Queer Review

Queer Review

Queer Review

Queer will open in theaters at a date TBD. This review is based on a screening at the 81st Venice International Film Festival.

At first glance, Luca Guadagnino’s follow-up to Challengers reads like a straightforward film of desire. However, Queer is anything but, adapting the works (and sometimes, the real life) of Beat Generation author William S. Burroughs in beguiling ways. In spite of having an hour of its most explicit content shaved off its runtime – it now plays at a comfortable 2 hours and 15 minutes – the latest film from the director of Bones and All and Call Me by Your Name gently meanders in its middle section, which follows the fetch quest of a Burroughs stand-in (played by Daniel Craig) and a younger companion. Although these segments sag, they build to a wonderfully abstract final act, which not only lingers in the mind and heart after the credits have rolled, but ensures that everything that comes before it retroactively does the same.

Craig stars as William Lee, a gay middle-aged American whose cruising through 1940s Mexico City Guadagnino captures with an energetic camera that doesn’t just move through space, but loops through it, back and forth.

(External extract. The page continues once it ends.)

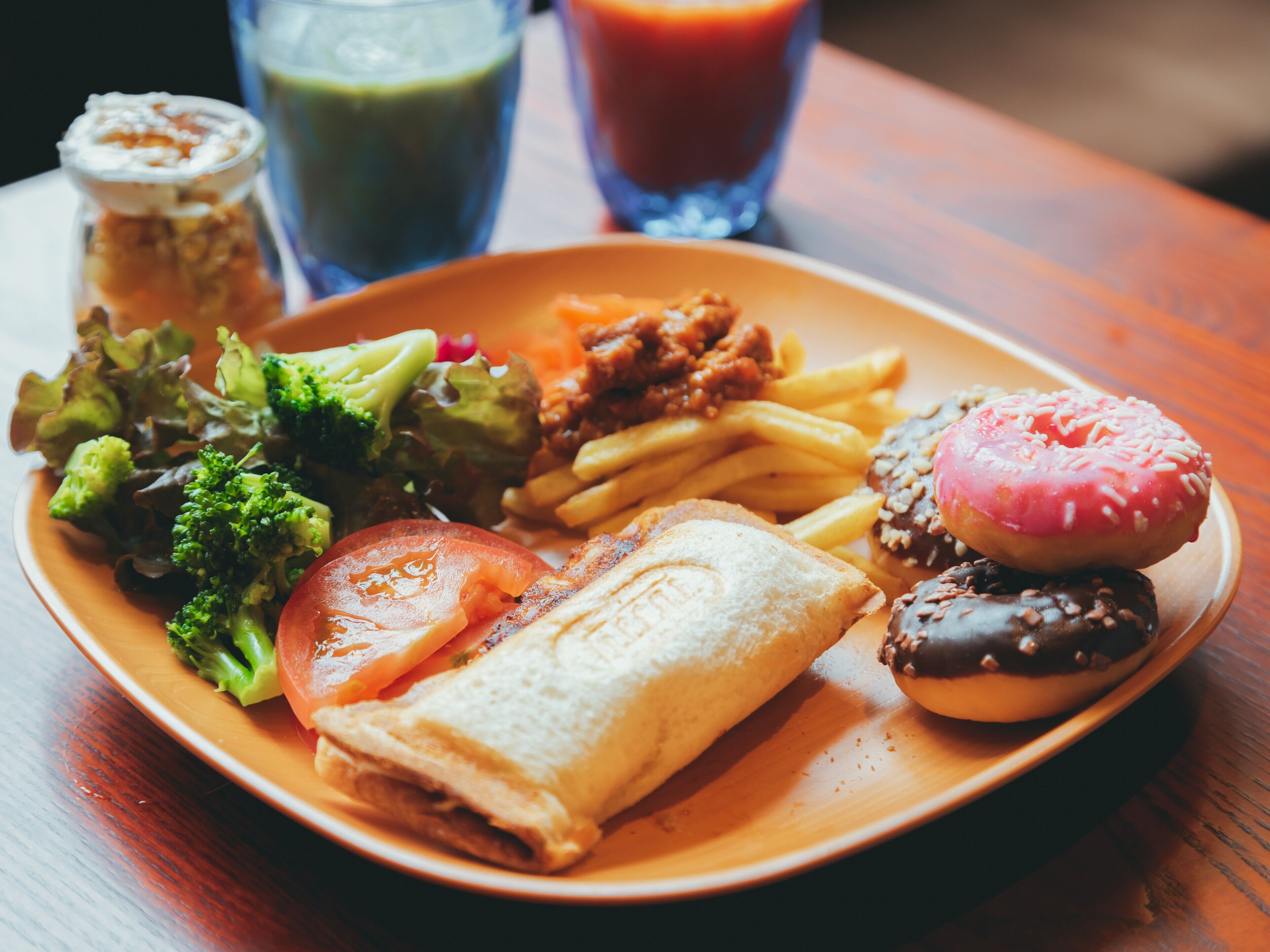 A plate of food including a sandwich, fries, a donut, and vegetables.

Lee is friendly, talkative, and frank – perhaps overly so, in all cases – but he becomes immediately flustered when he first lays eyes on fellow American Eugene Allerton (Drew Starkey). Lee isn’t sure if the gorgeous Allerton is also queer, though he’s determined to try his luck. Their friendship blossoms into something more, but between Lee’s opiate addiction and Allerton’s generally withdrawn demeanor, the reality of their dynamic isn’t as fulfilling as Lee’s fantasies.

However, a line from Lee early on in the film plants the seeds for a strange plot development. At a party, he makes a drunken confession to Allerton: “I want to talk to you without speaking.” On one hand, this gives way to a trip the two men take together to the Amazon rainforest, in search of a drug called “yage,” which Lee believes gives one the ability to communicate telepathically. On the other hand, regardless of the veracity of this claim, it speaks to the loneliness at the heart of Lee’s character. Although he sleeps around constantly, what he really yearns for is a deep, defining connection beyond words, and he’s determined to find it with Allerton.

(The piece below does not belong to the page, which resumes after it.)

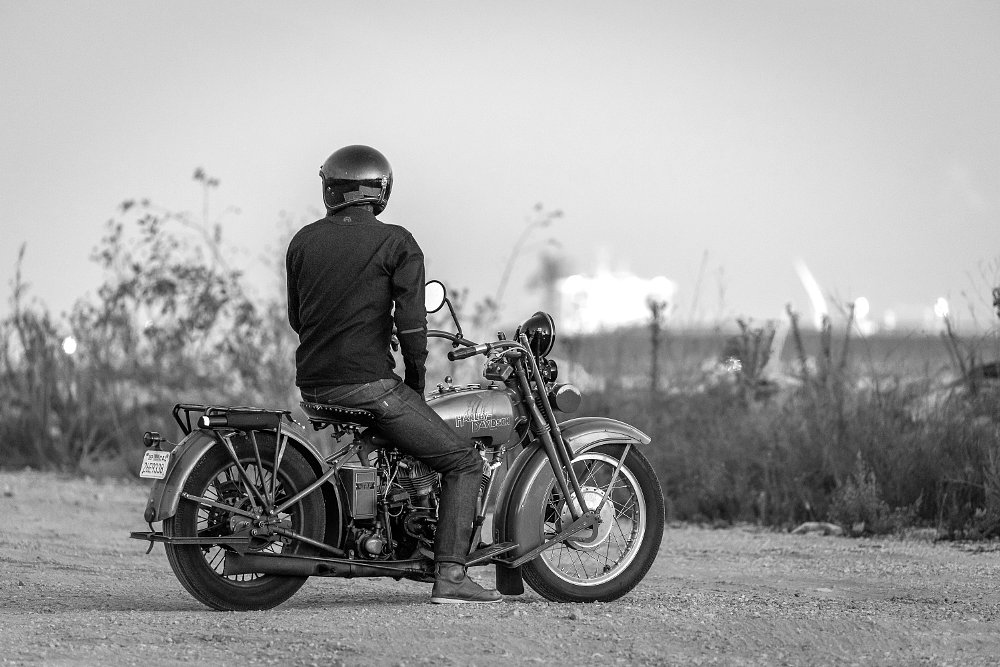1924 Harley-Davidson Model J parked overlooking Port of Los Angeles.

This search, though it takes up a good chunk of the runtime, isn’t the movie’s strongest suit, though it’s occasionally funny in spite of the way it sprawls. Craig’s version of Lee – the protagonist/author surrogate of Burroughs’ 1985 book of the same name, and the pseudonym under which its 1953 predecessor, the groundbreaking addiction chronicle Junkie, was originally publisehd – feels overbearing at first. But the former 007 quickly reveals a multi-layered vulnerability. It’s hard not to feel for him, or to get swept up in the heated sex scenes he leads, each of which feels like an achievement obtained, given how committed he is to the chase.

Notably, Lee is made up to resemble photos of Burroughs from the era. Guadagnino, though he adapts Queer along with elements of Junkie, also borrows ideas from the semi-related non-fiction collection The Yage Letters and its correspondence between the author and his fellow Beat Allen Ginsberg. This makes Queer as much about Burroughs’ thinly veiled characters as it is about the man himself. However, Guadagnino’s adaptation (which re-teams him with Challengers screenwriter Justin Kuritzkes) goes a step further in the way it peels back the layers of Burroughs’ fiction to reveal reality – or rather, the painful parts of himself the author poured into his work. The results feel inspired not only by the namesake novel, but Burroughs’ confessional introduction to it, in which he discusses accidentally killing his wife, Joan Vollmer. This event wasn’t depicted or re-created in any of the stories featuring Lee – Burroughs, in his written intro, claims he found it too painful to think about – but Guadagnino makes explicit visual reference to the event during a particularly heavy abstract sequence.

Queer, in turn, becomes as much an homage as it is an adaptation, bringing its story even closer to the author’s real life than it had already been. In the process, the film version becomes steeped in a kind of desperate, existential longing that neither drugs nor sex can seem to fulfill – but Guadagnino’s imagery goes a long way toward unearthing those feelings of insatiable yearning. At times, when Lee imagines reaching out and touching Allerton, Guadagnino superimposes hints of this action through apparent double exposure. It’s as if Lee is imagining the act of intimacy so powerfully, and so vividly, that he has re-shaped the very fabric of the screen.

Even the meandering portions of Queer all feel worthwhile.

A major departure is similarly purposeful. Where yage is but an idea in the books, it’s a tangible reality here, and yields hallucinogenic images that bind Lee and Allerton together in metaphysical ways – a scene that isn’t just about what it means to be with another person, but of another person too. This adds a touching layer to Sayombhu Mukdeeprom’s cinematography, which is already marvelous in too many ways to count: from subtleties like Guadagnino’s signature summer glow, to more overtly formalistic flourishes, like shooting Craig through a haze of falling lilac petals. In the end, even the meandering portions of Queer all feel worthwhile.